無事に歩道に上げると彼女は「本当に有り難うこざいます。お陰様で助かりました。お二人ともお怪我とかありませんか?」と言う。

「大丈夫ですよ」紫雨ちゃんが答えるとにっこり微笑んだ。

 楓と名乗った彼女が是非家に来て欲しいと誘ってくれるので、送りがてらお邪魔することにした。達筆で「佐久田」と書かれた木の表札が目に入る。

 山門を思わす立派な門をくぐると年季の入った木造りの立派な母屋が現れる。楓さんが声を掛けるとお父さんが飛んで来て「遅いから心配していた。今から出迎えに行こうと思っていた」と言う。

楓さんが経緯を話すと「お世話になり有り難うございました。
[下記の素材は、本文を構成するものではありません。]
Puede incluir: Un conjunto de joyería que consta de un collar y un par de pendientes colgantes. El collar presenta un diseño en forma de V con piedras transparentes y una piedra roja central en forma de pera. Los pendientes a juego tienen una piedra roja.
良ければ、夕飯でもご一緒に」と勧めて下さる。楓さんにも熱心に勧められお言葉に甘える事にする。

 私たちにすれば、日照りの原因が分かるかも知れないと言う思いがあった。

 どこか懐かしい古き良き日本の現風景を思わせる、囲炉裏のある部屋に通される。天井には黒光りしている、太い梁が真横に貫いている。囲炉裏には鉄製の大鍋が吊りさがり、美味しそうな味噌の香りがする。5月なので、火は入っていないが寒い時期ならより風情があるだろう。旅支度をといて、囲炉裏を囲んだ座布団に座る。長年厨房を任されているという、年配のお手伝いさんが、持ってきた冷たい麦茶を頂き人心地つく。
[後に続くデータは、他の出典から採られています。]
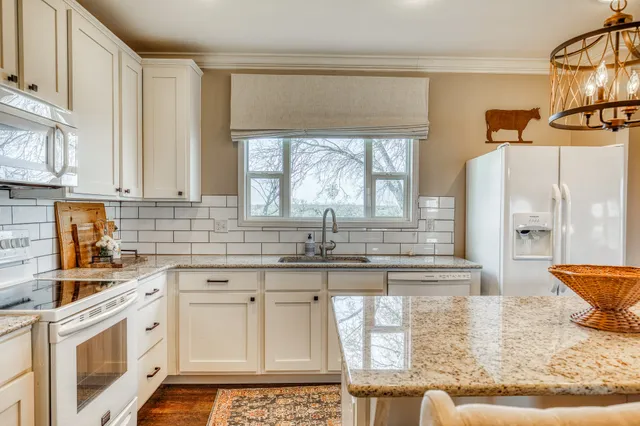 a bedroom with two beds and a dresser next to a window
 着替えた楓さんとお喋りする。私たちの自己紹介と楓さんが18才で絵を描いていること、子供の頃、自転車ごと転倒し、その時脊髄を傷めたことで車椅子生活になったことなど。

「私はなかなか遠出は出来ないので、お二人の旅のお話いろいろ聞きたいです。部屋は沢山ありますから、良ければしばらく居て下さいませんか」彼女の申し出は本当に有難いが、そこまで甘えて良いものか。紫雨ちゃんと思案していると、お父さんとお兄さんだと言う若い男性が入って来た。お兄さんは背の高い、優しい顔立ちのイケメンさん。

「妹がお世話になったそうで有り難うございました」とお礼を言われる。すかさず、楓さんが「今ね。お二人にしばらくここに居て下さいってお願いしていたの。お兄さんからも頼んで」と言う。

「良かったら是非そうしてください」お父さんにも頼まれて、私たちは喜んでご厄介になることにした。